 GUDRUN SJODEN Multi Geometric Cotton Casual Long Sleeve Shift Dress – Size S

* * *

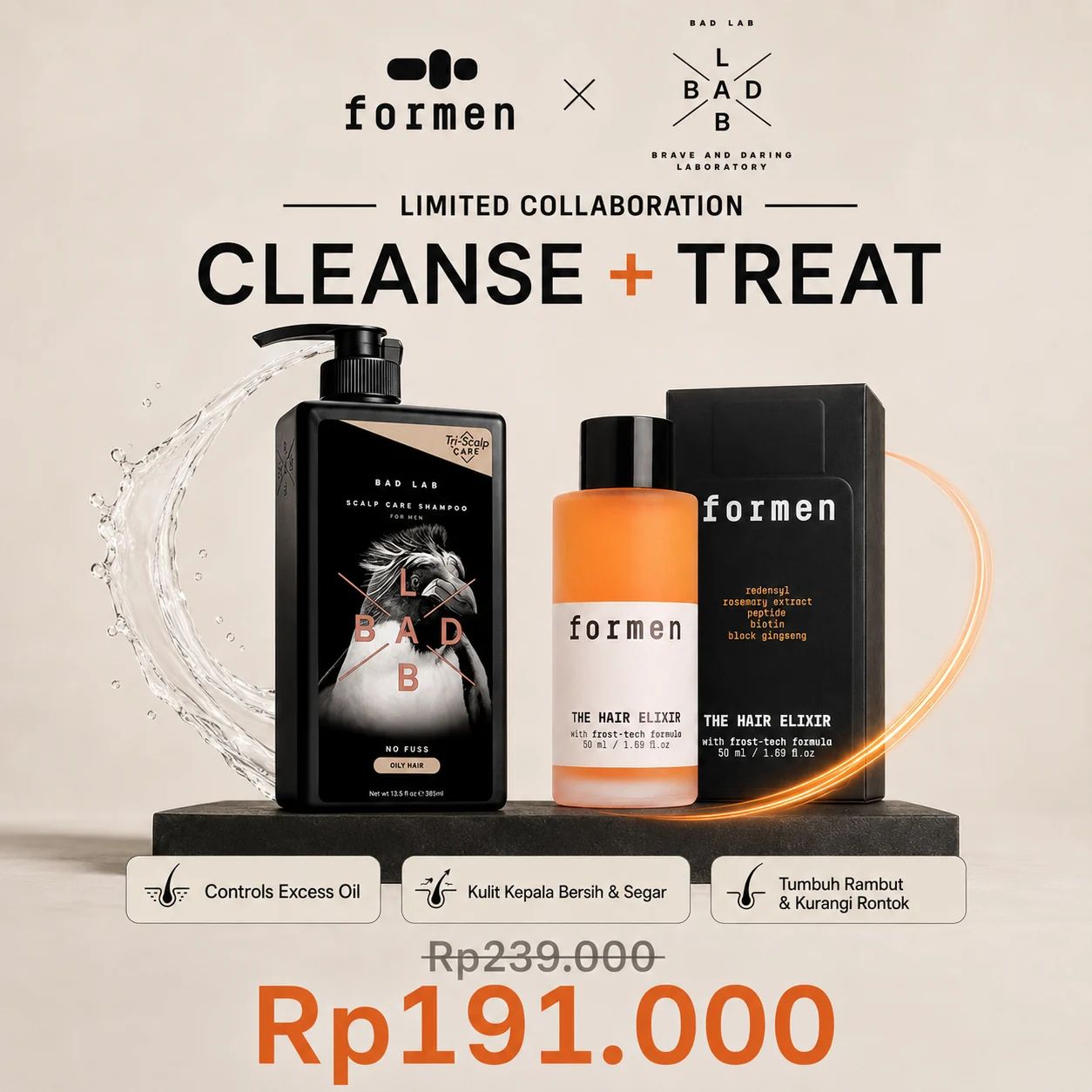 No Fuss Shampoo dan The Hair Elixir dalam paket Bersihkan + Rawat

--

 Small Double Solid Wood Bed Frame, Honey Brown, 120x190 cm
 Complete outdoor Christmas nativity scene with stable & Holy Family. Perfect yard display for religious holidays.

## Task item
Please copy the lines in the records above between the one holding "Small Double Solid" and the one holding "Complete outdoor Christmas", inclusive, exactly and with no other line.

## Solution
 Small Double Solid Wood Bed Frame, Honey Brown, 120x190 cm
 Complete outdoor Christmas nativity scene with stable & Holy Family. Perfect yard display for religious holidays.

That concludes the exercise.